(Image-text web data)
──────────

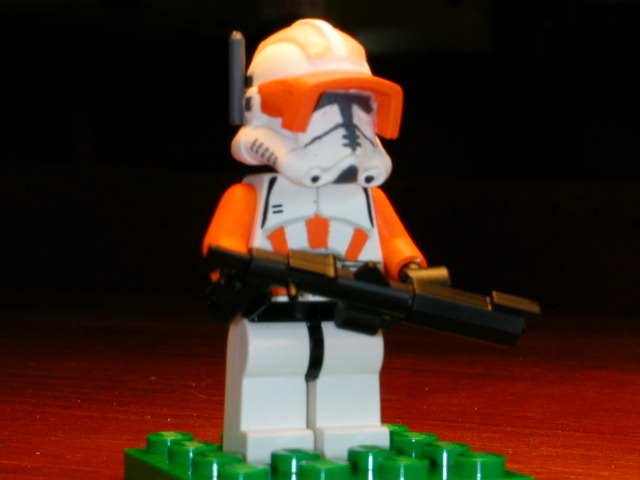rots_cody2.jpg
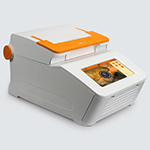 大象视颇dxvv55xyz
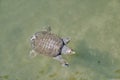 A softshell turtle swimming in the pond. Kyoto Japan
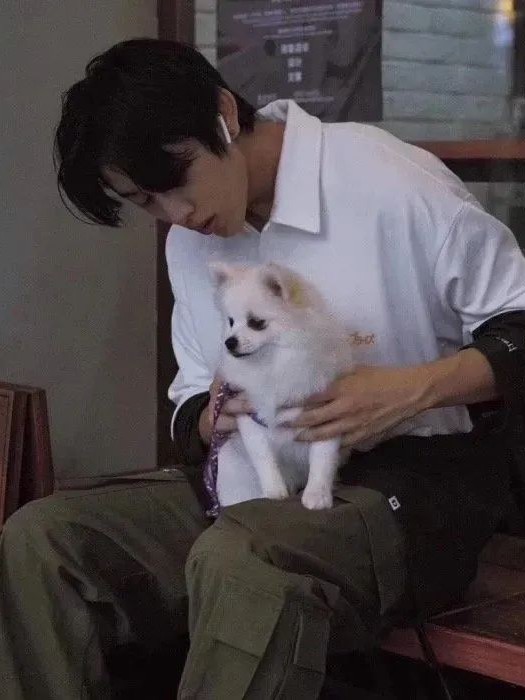 槐安少年&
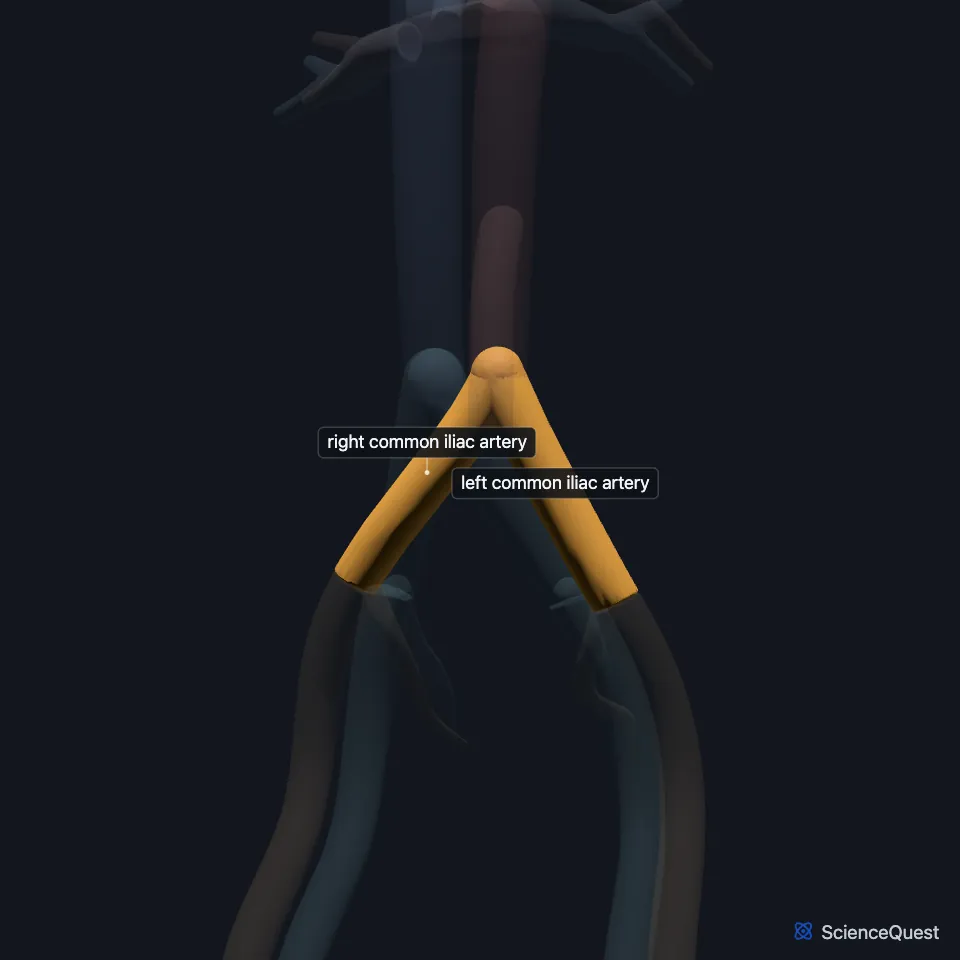 The great vessels from the front, all faded except the right and left common iliac arteries, highlighted where the abdominal aorta splits into them.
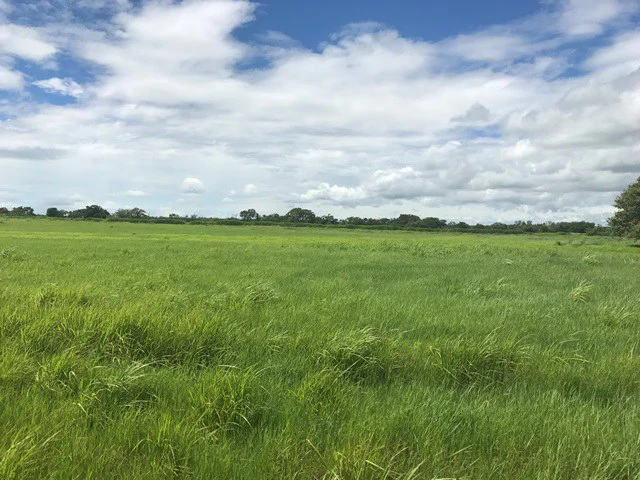 NYA project Price $ 17 m². 21 hectares - Gallery image 4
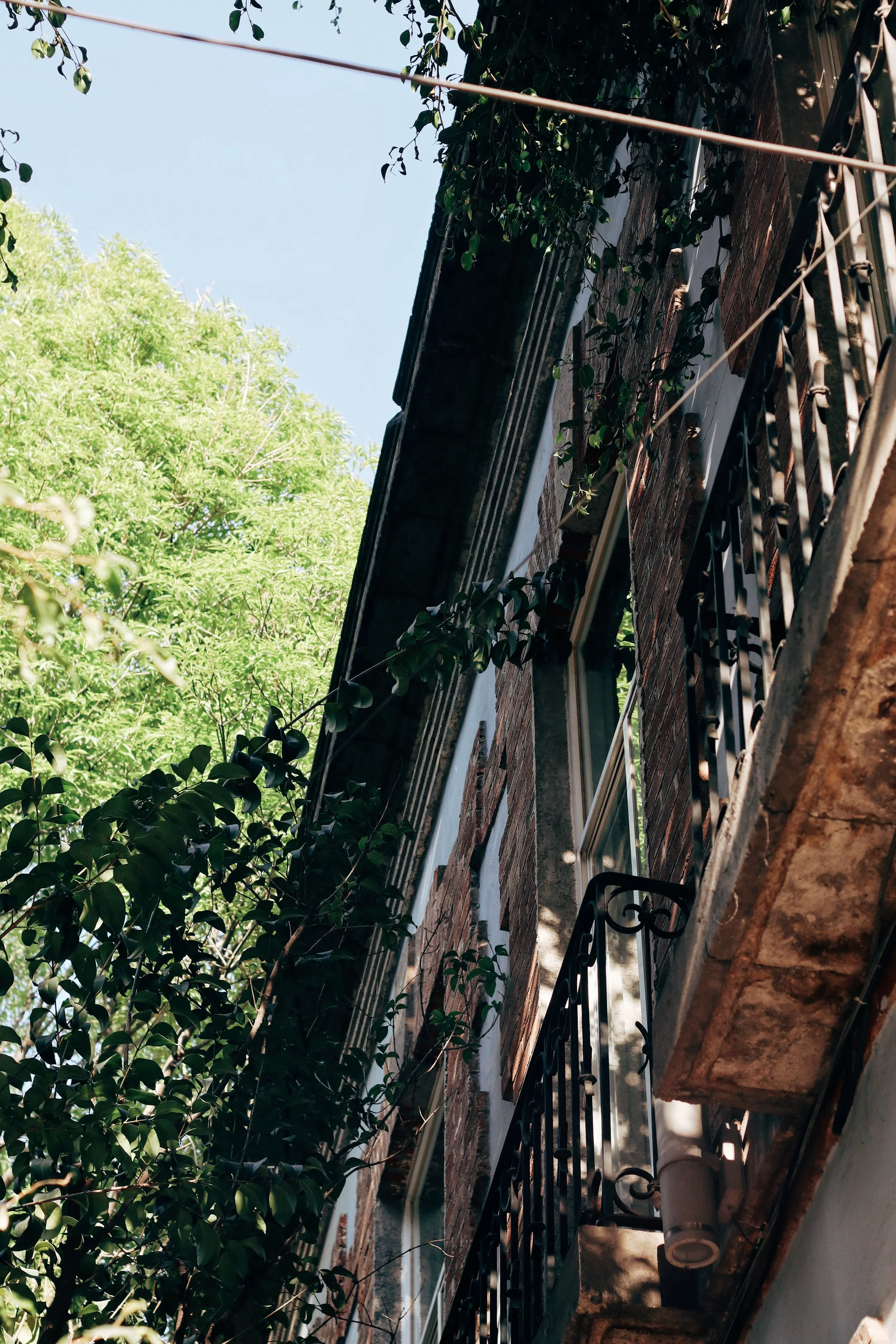 FullSizeRender_VSCO 88.JPG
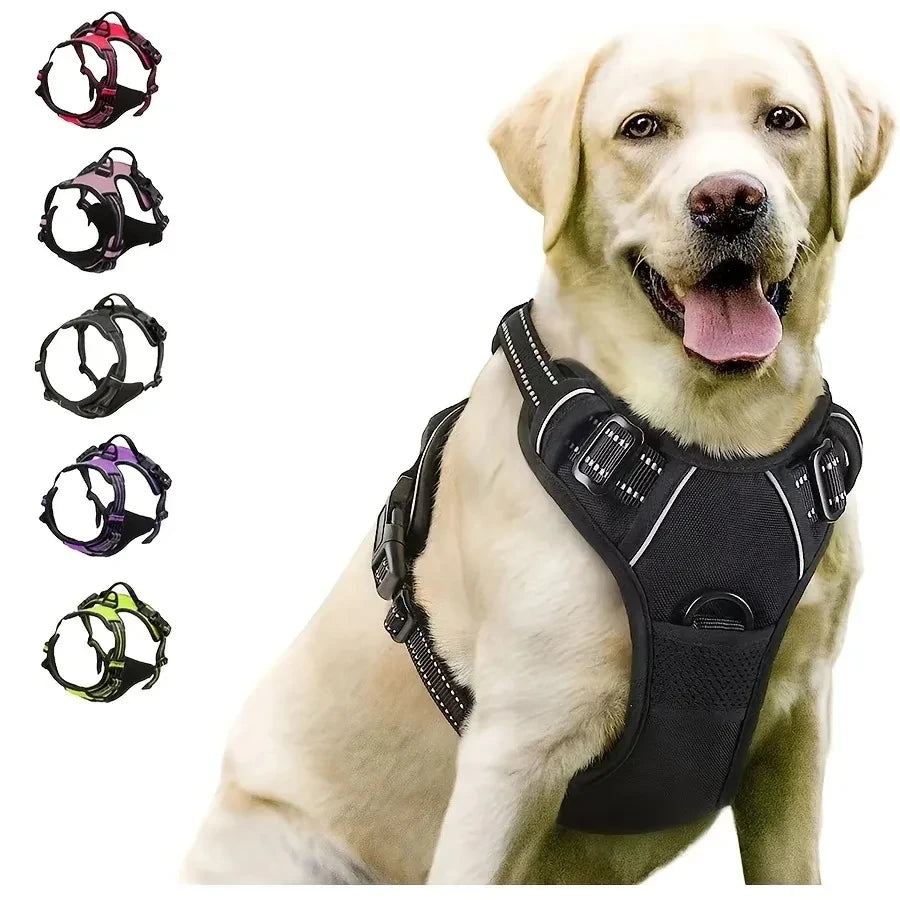 Leather Puppy Harness Leash Set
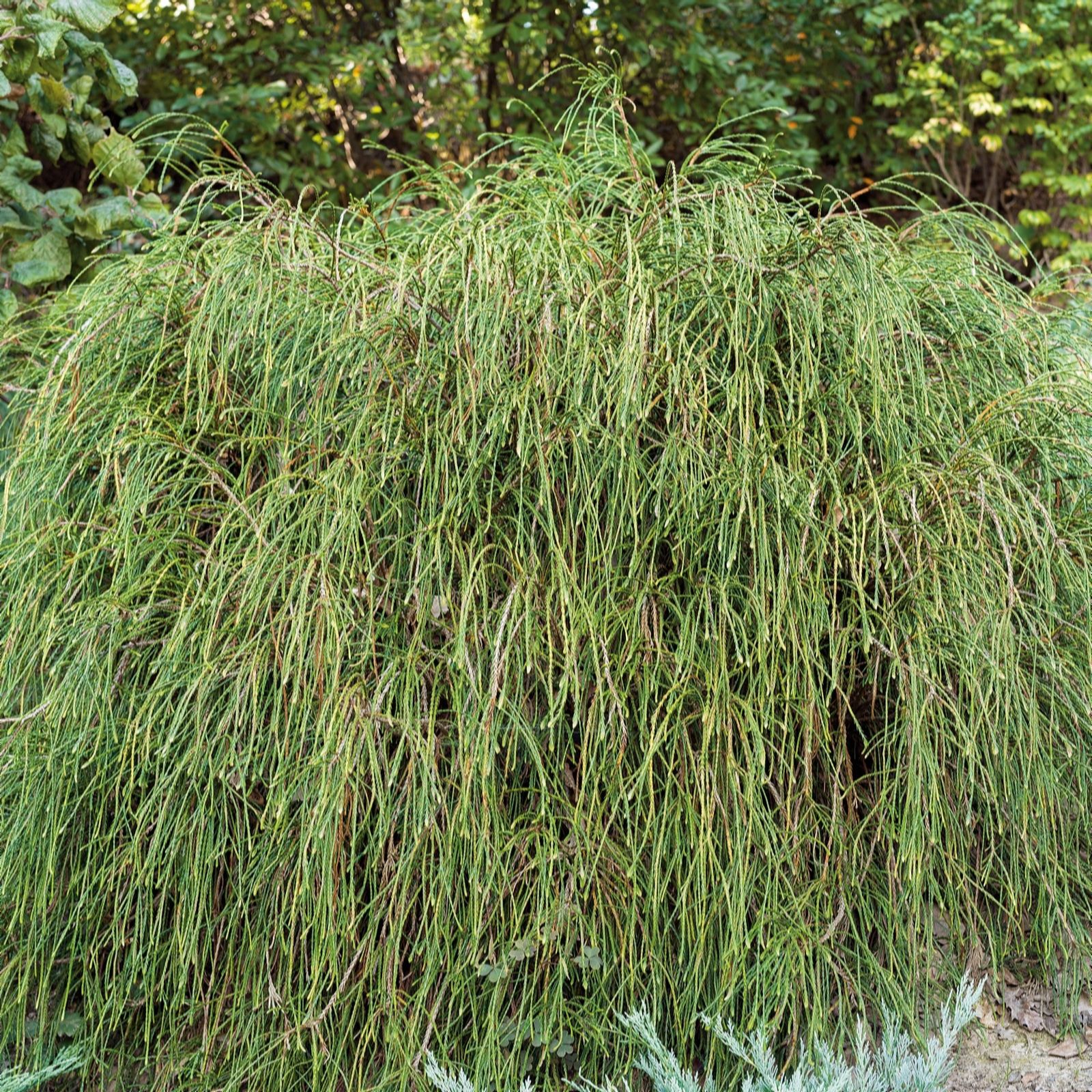Plants2Gardens Thuja Whipcord 3ltr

──────────

- _Problem details_: For this exercise, set down the lines in the entries above from the one with "A softshell turtle" through the one with "The great vessels" exactly as written, without any pictures.

- _Written response_:
 A softshell turtle swimming in the pond. Kyoto Japan
 槐安少年&
 The great vessels from the front, all faded except the right and left common iliac arteries, highlighted where the abdominal aorta splits into them.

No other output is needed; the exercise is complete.